**Data**
______________________________

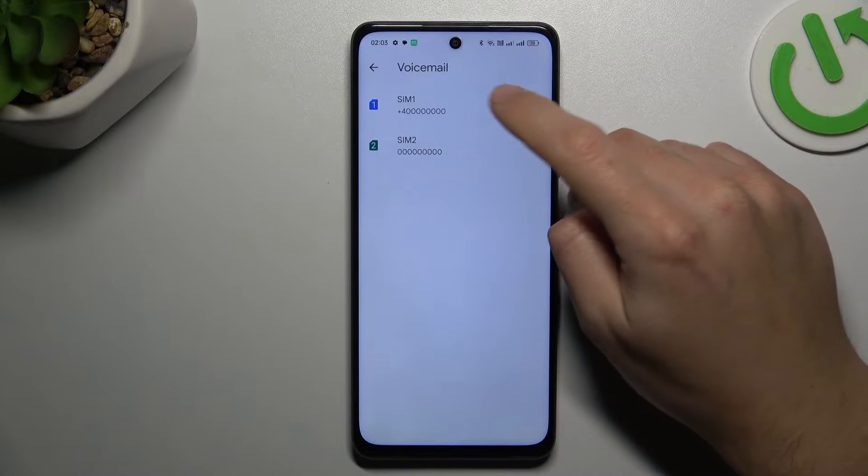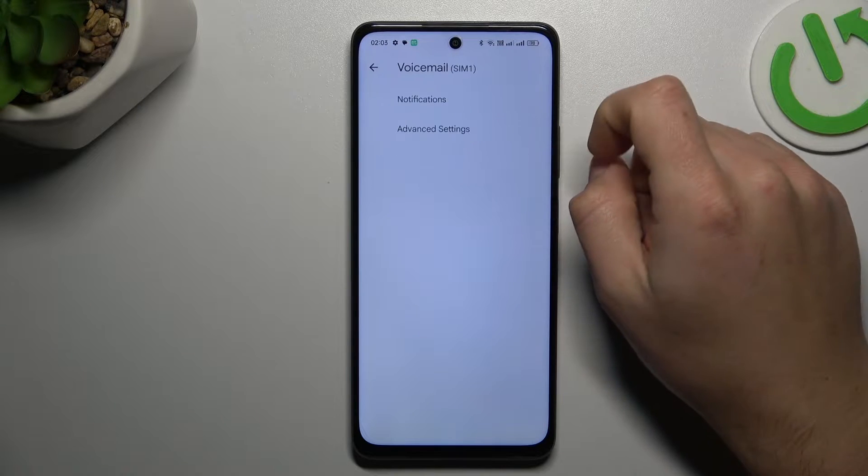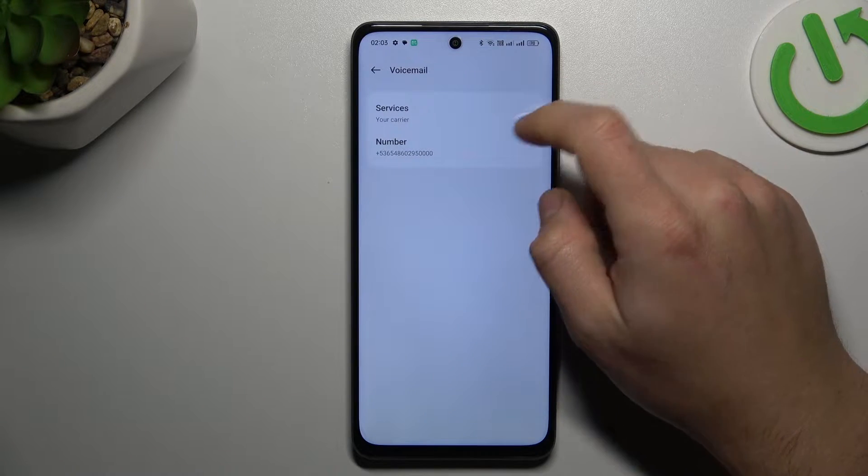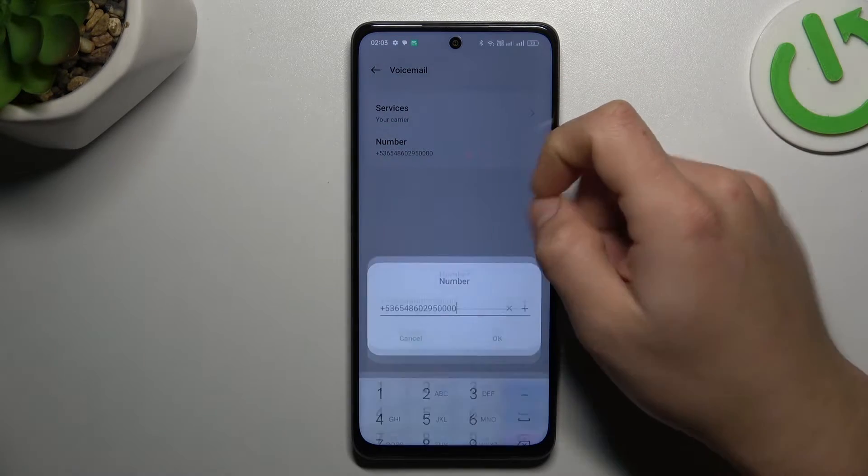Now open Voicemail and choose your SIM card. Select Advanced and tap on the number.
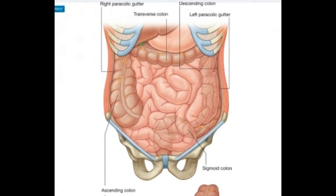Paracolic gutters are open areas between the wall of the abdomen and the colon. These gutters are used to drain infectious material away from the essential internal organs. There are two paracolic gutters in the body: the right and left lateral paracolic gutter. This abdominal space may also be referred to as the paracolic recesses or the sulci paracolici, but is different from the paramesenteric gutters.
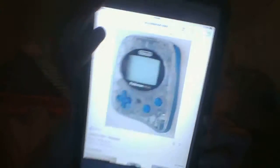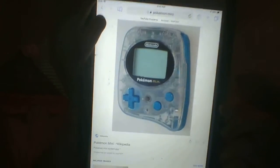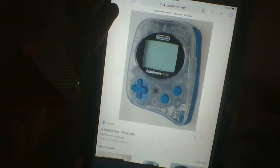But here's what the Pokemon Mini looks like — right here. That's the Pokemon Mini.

______________________________

**About this exercise**
The answer must consist solely of the lines from the one with "Paracolic gutters are" through the final line of the data, each reproduced exactly and with pictures omitted.

**Response to the task**
Paracolic gutters are open areas between the wall of the abdomen and the colon. These gutters are used to drain infectious material away from the essential internal organs. There are two paracolic gutters in the body: the right and left lateral paracolic gutter. This abdominal space may also be referred to as the paracolic recesses or the sulci paracolici, but is different from the paramesenteric gutters.
But here's what the Pokemon Mini looks like — right here. That's the Pokemon Mini.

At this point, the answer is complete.